What those words mean is important.
- MemberJanuary 31, 2020 at 6:16 pm
Basis of Bearings and Coordinates shown are Universal Transverse Mercator (UTM), Zone 14, projection referenced to the North American Datum of 1983, 2011 adjustment [NAD83(2011)], expressed in units of US Survey Feet (1 US Survey Foot =1200 meters/3937 feet).
Have at it gang..
- MemberJanuary 31, 2020 at 6:29 pm
and the physical source: description of the published monuments used, or CORS, or PPP.
- MemberJanuary 31, 2020 at 6:41 pm
This note was found on a set of plans. I am not familiar with UTM but this doesn’t even make sense.
For your reference, here is an updated version of Technical Manual 5-241-8 that I used in the US Army as a geodetic surveyor. The answer here is to simply convert the UTM coordinates in NAD83 using GRS80 (in Meters converted from US SVY Feet) to Geographic Coordinates in NAD83 (GRS80).

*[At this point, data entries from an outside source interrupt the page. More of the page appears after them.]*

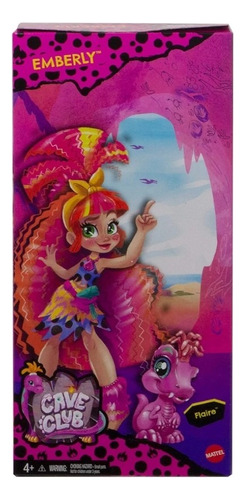 Mattel Cave Club Muñeca Prehistóricas Emberly Con Dino Nuevo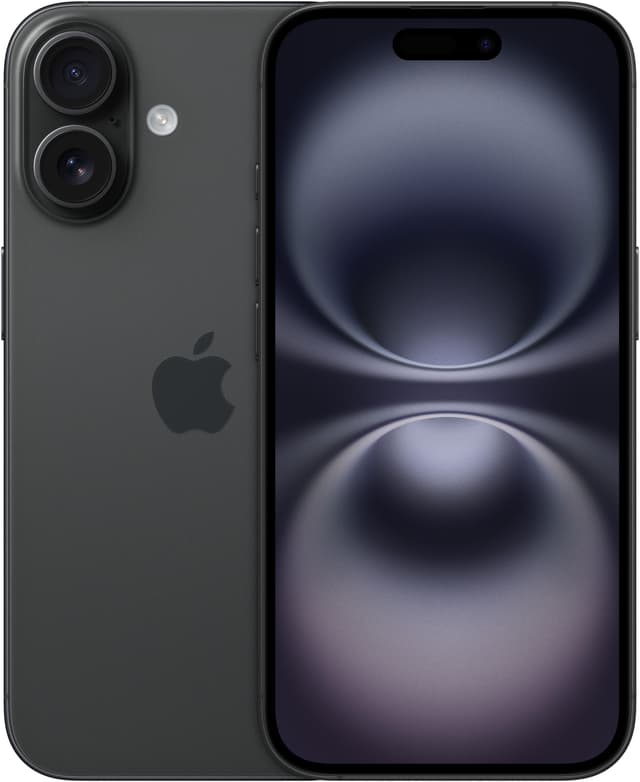 Apple iPhone 16 128GB Noir, Svart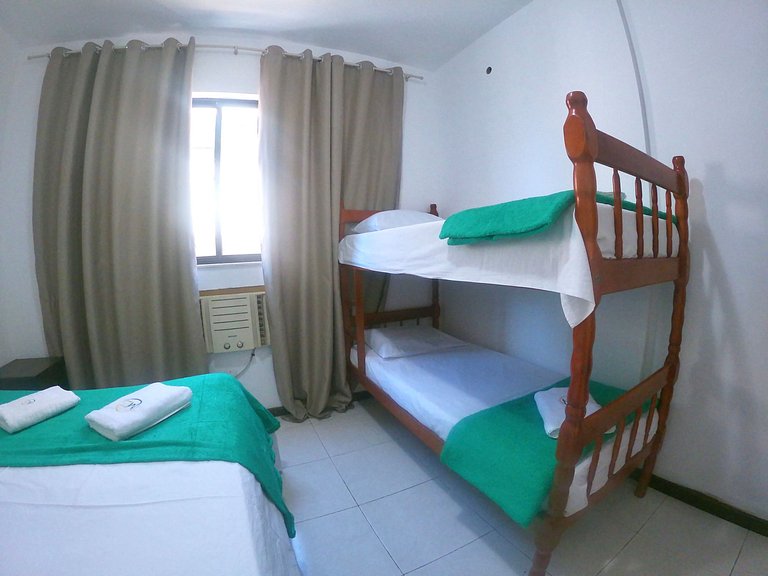 Hermosos 3 cuartos para 7 personas en Cabo Frio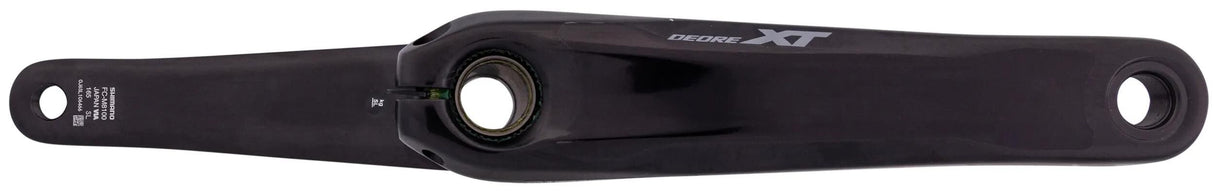 Shimano crankstel deore xt fc-m8100 crank arm set shim. fc-m8100 165mm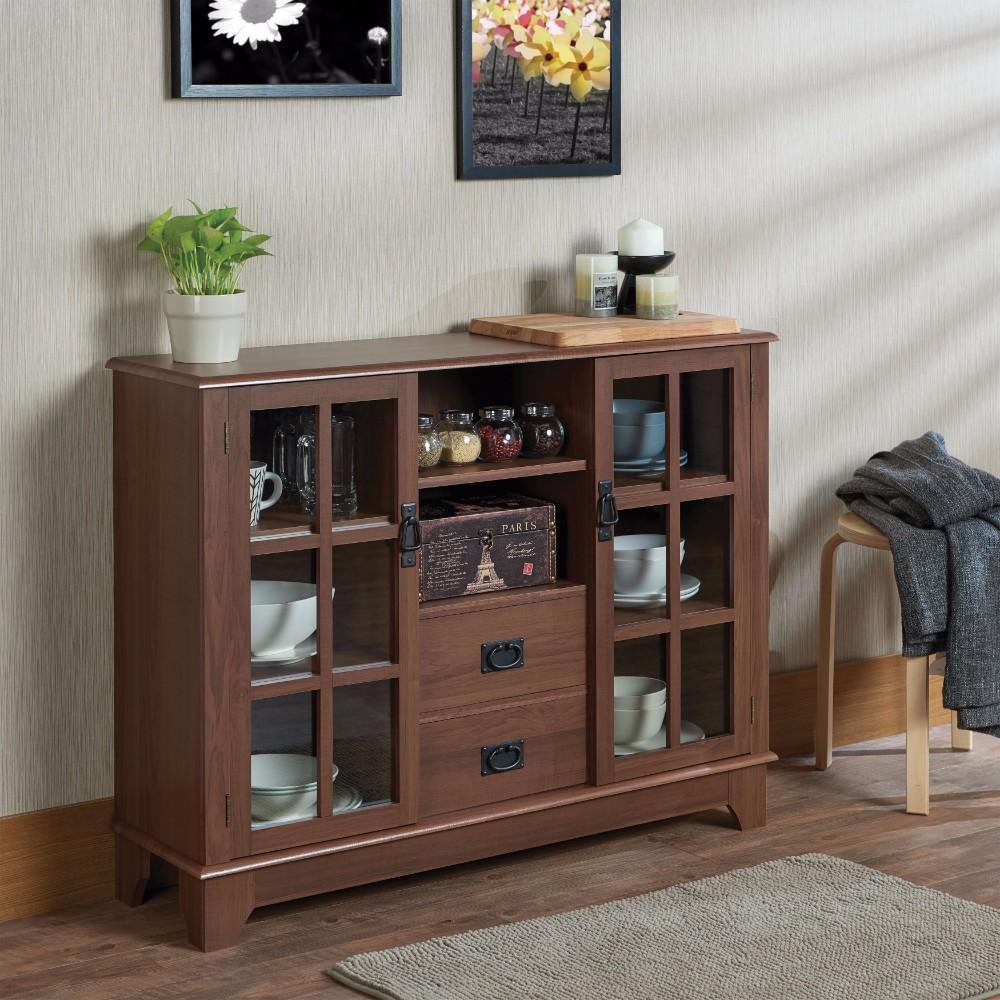 BM154271 Dubbs Console Table, Walnut Brown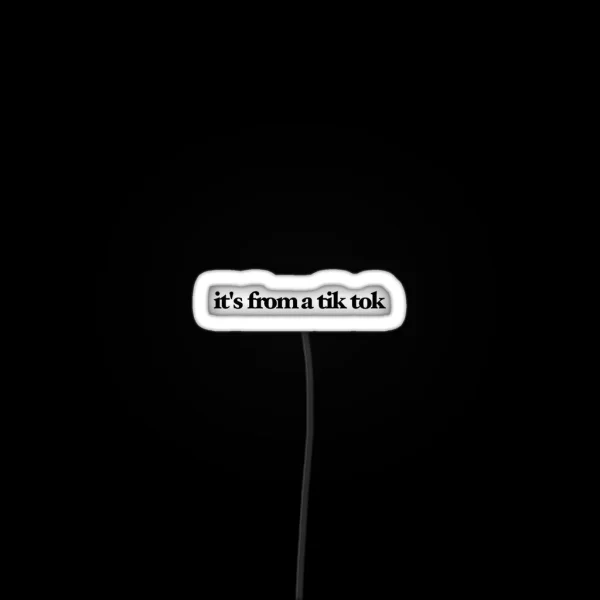 It S From A Tik Tok RGB Neon Sign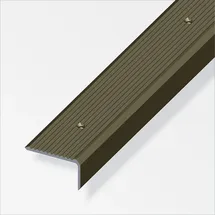 Alfer Treppenprofil 1 m, 41 x 23 mm Aluminium eloxiert bronze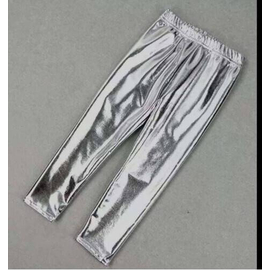 Silver Pu Lether Baby Girl Trouser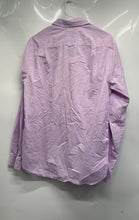 Load image into Gallery viewer, Guess Mens Purple Collared Long Sleeve Button-Up Shirt Size Medium
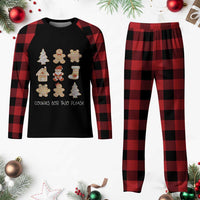 Pregnancy Announcement Plaid Pajama Set Cookies For Two Please Maternity Gift - Wonder Print Shop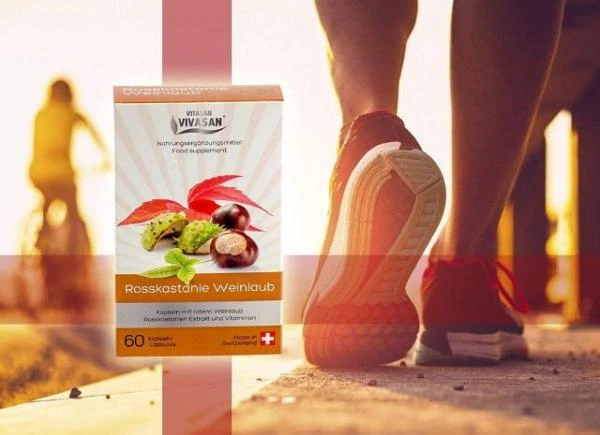 Конский каштан и виноградные листья Vivasan, Швейцария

You then convert the Lat/Longs to SPC NAD83 in the area of the project (US SVY FEET). I would base the realization date on the date of the drawing you have, but I would probably assume they are in NAD83 (1986). And I would add that the distortion in UTM far exceeds any you would see in tha SPC system. The only good use to UTM is that it covers large area and you can go from zone to zone easily, but you sacrifice scale distortions.
- MemberJanuary 31, 2020 at 6:49 pm
Sorry, I’m going to be that person.
NAPGD2022 is the geoid model/vertical coordinate reference system. You want NATRF2022.
A projection can affect the offset between the two geodetic datums (that’s badly worded). Between NAD27 and NAD83, you might see 50 meters. Between NAD27 UTM 17N and NAD83 UTM 17N, it’s 110 m north-south and 3-5 m east-west for the location I checked.I’m just one of those evil GIS people. Bwah-hah-hah! Seriously, I do coordinate systems and transformations at Esri.
- MemberFebruary 1, 2020 at 12:24 am
There are some local surveyors that insist upon using UTM because most of their work is inside one zone only and all their work can be on the same system.
- MemberFebruary 4, 2020 at 5:33 am
It’s the projection almost all integrated surveys are expressed in here in Ontario (unless you have an MTO job–they require MTM). NAD83(86) or NAD83:CSRS(whatever epoch–97, 02, or 10) is shooter’s choice.